Republicans claim these laws fight voter fraud, [Voter fraud is a reality. Do you miss the good ole days with Boss Crump bussed in truck loads of Blacks from Mississippi to vote in Memphis Elections?] but instances of persons trying to vote while using someone else’s identity are almost nonexistent. And in a recent study researchers at the University of Southern California showed strong evidence that “discriminatory intent underlies legislative support for (these new) voter identification laws.”

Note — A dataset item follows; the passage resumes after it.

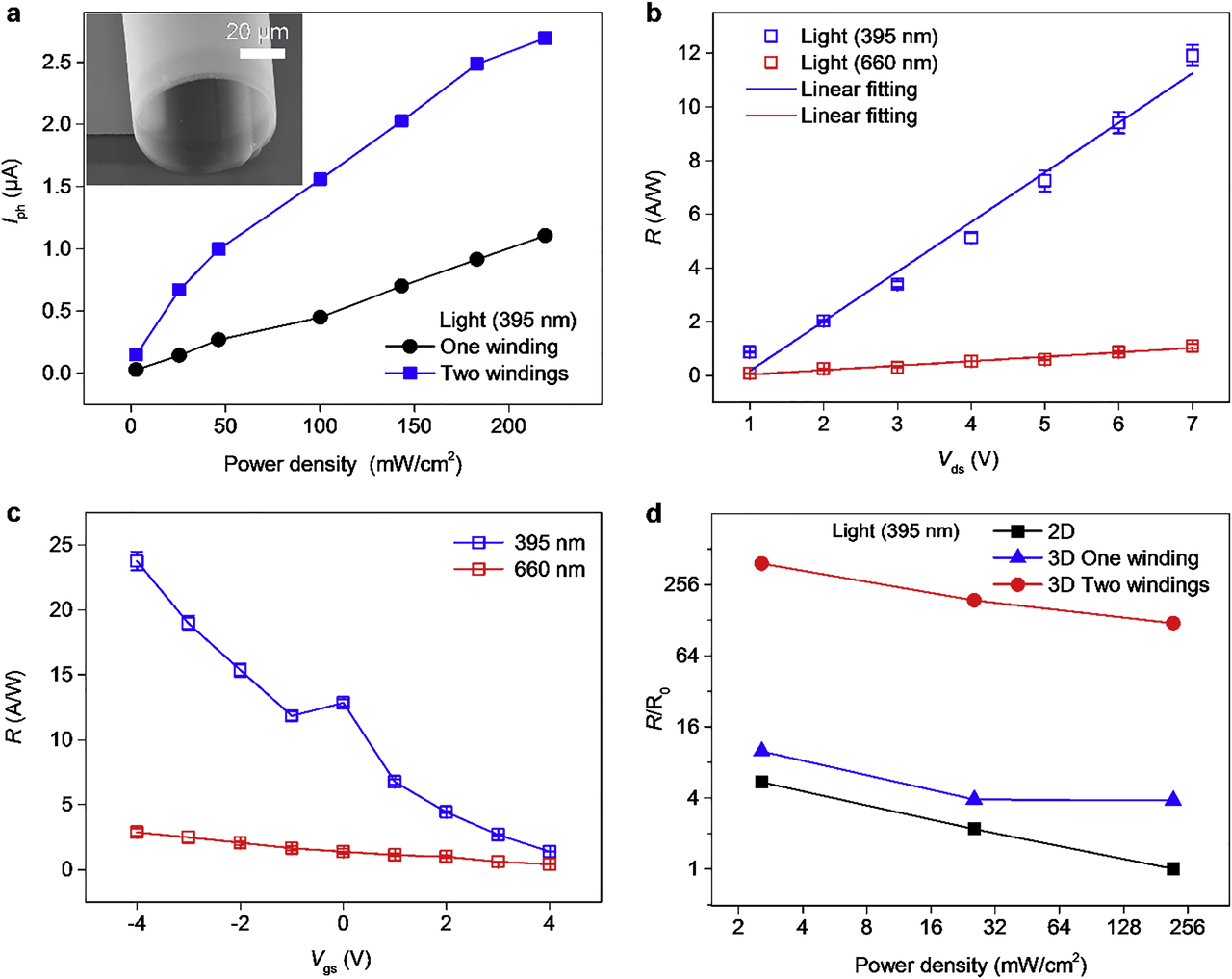 Figure 4: Photoelectrical properties of the 3D MoS2 FET photodetectors. (a) Dependence of photocurrent on light power density with different rolled-up winding numbers at Vds = 8 V and Vgs = 0 V under 395-nm illumination. The inset shows the side view of the SEM microimage for the 3D MoS2 FET with two rolled-up windings; (b) photoresponsivities of the device with two windings at different source–drain voltages, in which Vgs is 0 V; (c) the relationship between gate voltage and photoresponsivity, in which Vds is 5 V; (d) the normalized photoresponsivities of 2D and 3D MoS2 FET photodetectors at different light power densities, where R0 is the photoresponsivity of the 2D MoS2 FET at Vds = 6 V, Vgs = 0 V and light power density of 219 mW/cm2. The dimension of the conductive channel for the 2D MoS2 FET is 30 μm × 200 μm (length × width). 2D, two-dimensional; 3D, three-dimensional; FET, field-effect transistor; MoS2, molybdenum disulfide.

The first book of the Bible teaches, “So God created humankind in his own image, in the image of God he created them.” God’s image does not have a color, but it does have a creed. The Apostle Paul put it this way in Galatians 3: “There is neither Jew nor Greek, there is neither slave nor free, there is neither male nor female, for you are all one in Christ Jesus.” Our American ideals long have taught that we are one. The Great Seal of the United States proclaims “E pluribus unum” — from many, one.[amen]
But it was just 50 years ago today that statesmen and idealists and people of a deep faith in Almighty God and in America together created the Civil Rights Act of 1964. Let us celebrate their good work for justice and freedom. And let us carry on their good work, so all God’s children can live in peace and love in truth.
[Let us join in celebrating the advancements in Civil Rights, but not distort the truth. Unfortunately, it is the Democrat Party that has sponsored policies that have destroyed the Black family and created a situation in which it is only with extraordinary effort that a person born in poverty can get out of poverty. By subsidizing poverty, it becomes too difficult for people to stop being poor. When one is on public housing, AFDC, foods stamps, medicaid, and all kinds of other freebies, to stop being poor is too expensive. If I was as cynical as Roy Herron, I would assume the Democrats want to keep Black people poor so they will continue to be dependent on government and keep voting Democrat. The next civil rights movement should free Blacks from the liberal plantation and let them join the larger society.]